La volontà di imprimere alla Commissione una valenza e un ruolo più politico lo si intuisce da diversi passaggi di Juncker: “Ho chiesto al vicepresidente Dombrowskis di non tenere una conferenza stampa sulle prossime previsioni economiche”, ha affermato spiegando che “queste sono frutto di un lavoro tecnico fatto di percentuali e cifre. Se vogliamo la Commissione sia più politica non dobbiamo dare nessun endorsement a questo tipo di analisi tecnica”.
Quindi meno tecnicismi burocratici e più sostanza politica, nei confronti degli Stati membri. Se c’è un Paese il cui progetto di bilancio rischia di non rispettare i vincoli del Patto di stabilità, come Francia, Belgio e Italia, piuttosto che “applicare le regole, sanzionare e punire come sarebbe più semplice”, è preferibile “accordarsi su un calendario preciso di riforme economiche da implementare”. Come il capo dell’esecutivo comunitario dice di aver fatto con François Hollande, presidente della Repubblica francese, e il premier italiano Matteo Renzi. “Ho scelto di far parlare i premier e di ascoltarli”, ribadisce Juncker, nell’attesa, e speranza di Bruxelles, che attuino le riforme strutturali. “Hanno perfino scritto che il mio incontro con Renzi, a margine del vertice G20 di Brisbane, era andato male”, ha affermato il lussemburghese ai giornalisti, mentre “è stato proprio l’opposto: è andato benissimo”.
Disponibilità dunque a dialogare con i governi nazionali, mantenendo un approccio più attendista: “Devi capire che cosa sta succedendo anche nella politica interna di ciascuno stato membro”, ha spiegato Juncker. Ciò, tuttavia, non significa concedere una maggiore flessibilità, oltre a quella già consentita ai Paesi membri. “Se qualcuno continua a chiedere di cambiare le regole, è fuori dalla realtà” ha affermato lapidario il capo della Commissione, aggiungendo che “per due volte negli ultimi mesi il Consiglio europeo ha detto chiaro che non si cambiano le regole della disciplina fiscale, non ci stiamo assolutamente allontanando dalla strada del risanamento dei conti pubblici”.

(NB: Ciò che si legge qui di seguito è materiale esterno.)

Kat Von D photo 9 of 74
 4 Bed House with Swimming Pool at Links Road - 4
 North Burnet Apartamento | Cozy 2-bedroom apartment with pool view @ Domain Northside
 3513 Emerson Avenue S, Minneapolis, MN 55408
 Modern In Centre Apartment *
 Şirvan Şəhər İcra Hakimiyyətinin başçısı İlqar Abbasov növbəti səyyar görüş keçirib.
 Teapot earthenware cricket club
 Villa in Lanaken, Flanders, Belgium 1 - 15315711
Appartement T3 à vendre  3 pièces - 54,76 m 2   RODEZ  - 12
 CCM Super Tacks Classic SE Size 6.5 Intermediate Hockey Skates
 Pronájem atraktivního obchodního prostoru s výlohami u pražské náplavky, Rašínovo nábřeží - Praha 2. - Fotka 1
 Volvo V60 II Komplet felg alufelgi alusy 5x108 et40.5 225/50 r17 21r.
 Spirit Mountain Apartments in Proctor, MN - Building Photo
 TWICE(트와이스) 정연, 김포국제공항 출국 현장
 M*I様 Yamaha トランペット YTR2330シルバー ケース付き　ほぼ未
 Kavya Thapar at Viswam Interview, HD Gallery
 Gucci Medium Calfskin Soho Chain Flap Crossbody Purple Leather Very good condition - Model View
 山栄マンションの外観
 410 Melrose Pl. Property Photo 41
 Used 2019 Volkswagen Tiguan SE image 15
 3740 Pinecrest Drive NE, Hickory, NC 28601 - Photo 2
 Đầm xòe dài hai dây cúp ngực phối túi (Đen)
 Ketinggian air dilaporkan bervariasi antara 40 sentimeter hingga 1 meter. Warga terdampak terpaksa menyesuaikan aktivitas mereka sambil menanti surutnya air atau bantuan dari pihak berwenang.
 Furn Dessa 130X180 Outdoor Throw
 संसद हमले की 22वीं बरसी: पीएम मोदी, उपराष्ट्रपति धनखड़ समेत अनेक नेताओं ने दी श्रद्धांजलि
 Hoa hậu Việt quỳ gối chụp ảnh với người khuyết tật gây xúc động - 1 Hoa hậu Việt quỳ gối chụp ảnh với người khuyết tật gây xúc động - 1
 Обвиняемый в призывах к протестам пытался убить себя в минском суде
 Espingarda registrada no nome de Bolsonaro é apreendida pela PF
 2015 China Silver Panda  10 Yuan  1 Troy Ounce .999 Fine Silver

Nel corso dell’Intervista Juncker è tornato anche sull’altro tema scottante del momento, quello dei presunti regimi fiscali favorevoli alle multinazionali – e contro le norme comunitarie sulla competitività – in Lussemburgo quando era premier del Gran Ducato, rammaricandosi di non aver cambiato le regole per consentire al governo di controllare meglio i regimi di imposte per le multinazionali. “Avrei dovuto avere uno sguardo più attento sui tax rulings”, ha riconosciuto il leader della Commissione. Il suo intento, ha spiegato, era quello di “diversificare l’economia lussemburghese che si basava troppo su un’industria bancaria monolitica”, riuscendo ad attrarre nel Paese quelle che definisce “compagnie orientate al futuro come Amazon, Aol”. Ma le relative decisioni sulle tassazione dei loro profitti, ha concluso Juncker, “non furono prese dal mio governo”.